Nel reportage, si dà per scontato che le conclusioni degli esperti di cui si riferisce siano del tutto corrette. Si spiega come “l’identità di genere” sia un problema da non porsi nemmeno più: le persone possono essere chi vogliono a prescindere da qualsiasi dato naturale, l’importante è che si sentano accolte.

La teologia inclusiva dei Vescovi italiani

Ma più inquietante ancora è l’articolo di taglio alto, firmato da don Giovanni del Missier, Professore straordinario di Teologia morale all’Accademia Alfonsiana di Roma, in procinto di tenere un corso sul gender nella Facoltà teologica del Triveneto. L’autore è presentato quindi come autorevole espressione del pensiero della “chiesa” sull’argomento, che (ci dice l’occhiello) «parte però dalla concretezza della vita reale, a cominciare dai problemi di identità di genere» (non certo dai princìpi della natura umana o dalla Rivelazione).

Il “teologo” quindi, da autentico modernista, sostiene un cambiamento di visione sulla transessualità a partire dall’esperienza, ignorando ogni riferimento a una legge morale oggettiva.
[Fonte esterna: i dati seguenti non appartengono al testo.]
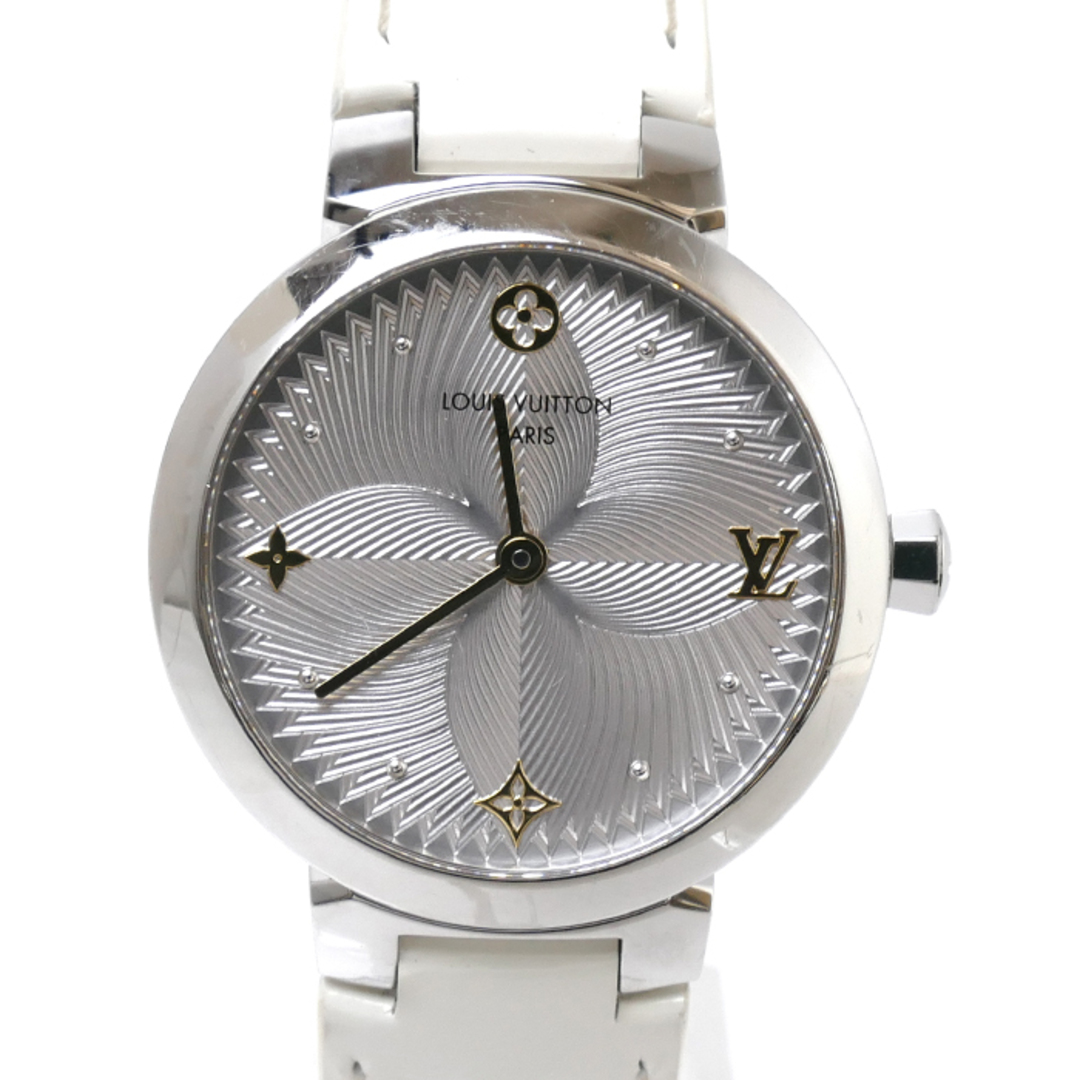 人気絶頂 LOUIS レディース【中古】 QA014 電池式 腕時計 メタリックフラワー スリム タンブール ルイ・ヴィトン VUITTON 腕時計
Ovviamente inizia il suo articolo sorridendo di quei cattolici che si sentono a loro agio solo davanti a un nemico, quale sarebbe la “teoria del gender”, «percepita oggi come una minaccia a tutto campo, al punto da indurre alcune frange ecclesiali ad arroccarsi in una difesa estrema “a catenaccio” piuttosto che corrispondere all’appello di papa Francesco per una chiesa in uscita».
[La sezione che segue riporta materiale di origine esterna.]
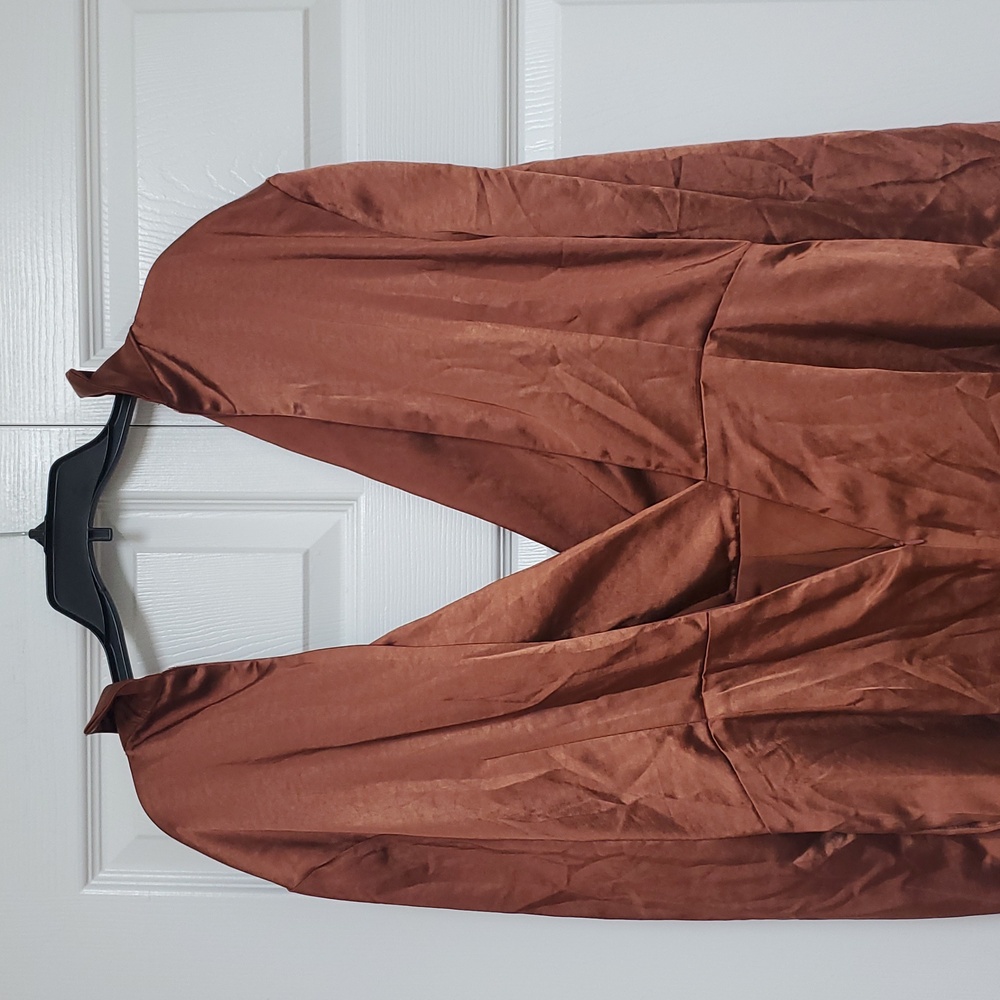 Lulus Satin Skort Romper/Bronze - Picture 11 of 16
Chi non riesce a fare un tale salto “culturale” è sostanzialmente un insicuro, ci assicura il teologo, che se ne sta chiuso nelle sue certezze, e probabilmente non è aperto al soffio dello spirito (della storia, non santo), unico garante del divino che evolve nell’uomo secondo i modernisti.

Il teologo certo apprezza il tentativo della teoria di includere le differenze, pur riconoscendo che alcuni gruppi ne hanno fatto un uso strumentale eccessivo, benché comprensibile per persone che dovevano uscire da una lunga emarginazione. Se questi hanno presentato la teoria come «un modello di inclusione che appare molto simile alla Babele biblica: un’unità appiattita sull’uniformità, che annulla le differenze perché le priva di significato», con l’apporto cristiano si può far meglio: arrivare alla «comunione delle differenze, il modello della Pentecoste, il poliedro dell’inclusione opposto alla sfera dell’omologazione ideologica».
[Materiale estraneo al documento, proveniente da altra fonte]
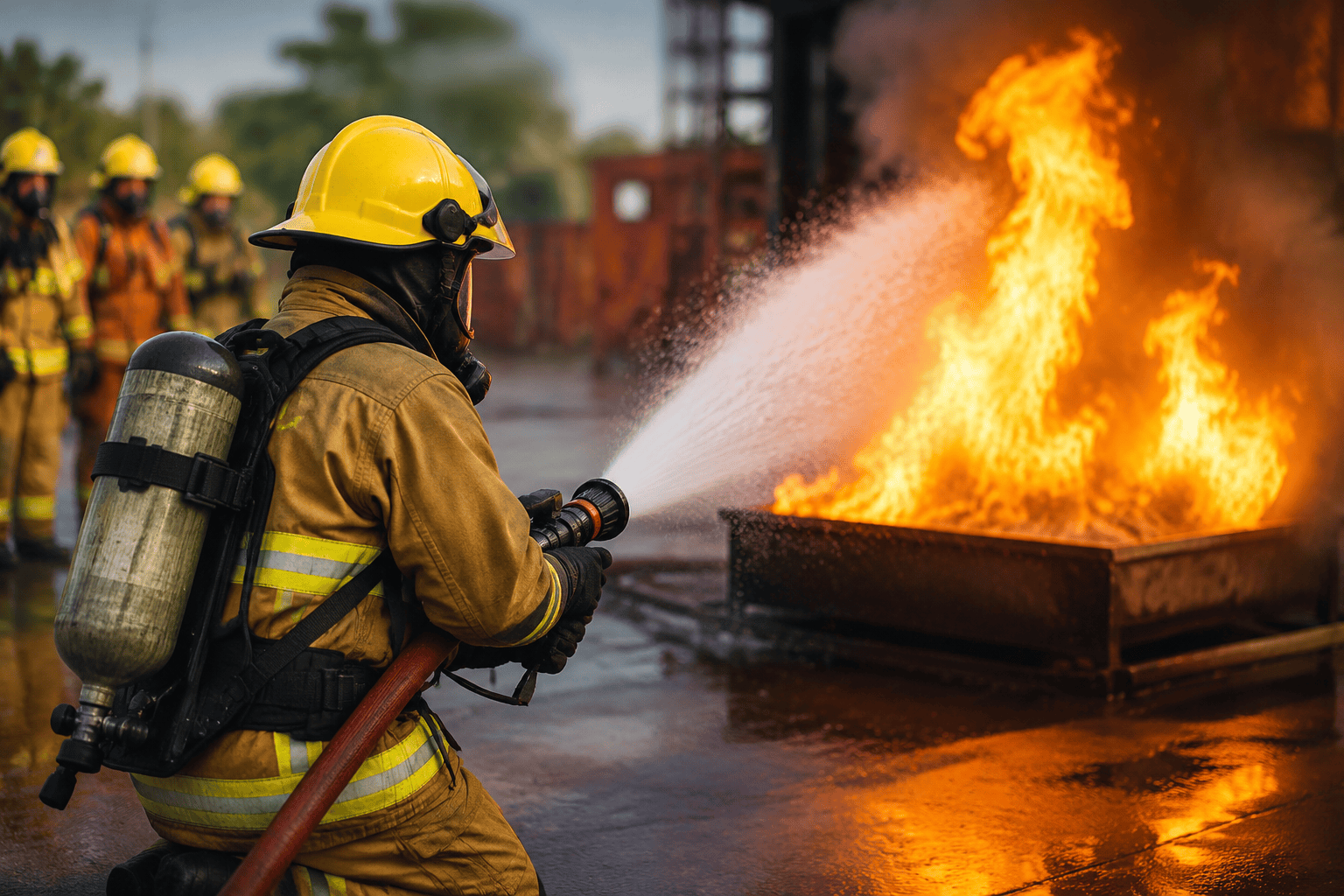 Firefighter conducting live fire safety training drill with hose aiming at burning fire during emergency response practice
Tale spaventosa retorica di una permanente Pentecoste, per cui lo spirito continua a creare nuova rivelazione e nuova società (e nuova chiesa), includendo elementi del “mondo” nella fede modernista, era già riuscito includendo il liberalismo e la rivoluzione nella Chiesa cattolica al tempo del Vaticano II. Il gender è quanto i cristiani devono assorbire oggi, nel loro modo originale, per contribuire a un mondo inclusivo.

La realtà frutto di costante evoluzione ermeneutica

Tutto ciò è spiegato con termini ampollosi ma molto chiari: il dato naturale della carne maschile o femminile «si presenta sempre come un significante aperto e non come un significato già preconfezionato, ovvero richiede di essere investita di un senso propriamente umano, personale e relazionale, da interpretare singolarmente e comunitariamente». Ognuno, quindi, può andar oltre ciò che la natura e il Creatore gli hanno dato, dando un diverso (e magari opposto) significato a quanto ricevuto, visto che la persona è relazione e la natura solo un punto di partenza.

Come è tipico della gnosi, il dato naturale viene visto come una gabbia o un limite che lo spirito può sempre superare. La natura non è dono del Padre da conservare e accrescere, ma ha valore solo se viene reinterpretata dal soggetto.

«Tale sforzo ermeneutico coincide con la ricerca non scontata della progettualità creaturale che è inscritta nella nostra natura umana che, in ogni tempo, deve essere fatta oggetto di una rilettura culturale per essere significativa per la sua epoca». Una frase che rende la realtà creata e naturale unicamente valida in quanto conosciuta dall’uomo e dai lui perpetuamente riletta, reinterpretata, senza un valore proprio e stabile. Il modernista più classico non potrebbe dire meglio.

La conclusione dell’articolo è scontata, e si appella all’evento fondante della chiesa di oggi per scardinare ogni opposizione: «E a chi non riesce proprio ad uscire dal circolo vizioso dello scontro con un nemico, vale la pena ricordare quanto insegna il concilio Vaticano II: “La Chiesa confessa che molto giovamento le è venuto e le può venire perfino dall’opposizione di quanti la avversano o la perseguitano” (Gaudium et spes, n. 44). Figuriamoci quanto di buono può venire, allora, da una categoria ermeneutica che si presenta tanto provocatoria e generatrice di novità come è, appunto, il gender!».

Chiunque abbia accettato l’introduzione delle dottrine liberali nella Chiesa, non può ora non accettare l’introduzione di quelle sul “genere”. Vescovi tedeschi o italiani, la conclusione è la stessa per tutti, e prescinde completamente da qualsiasi discorso su Rivelazione, Tradizione e Magistero.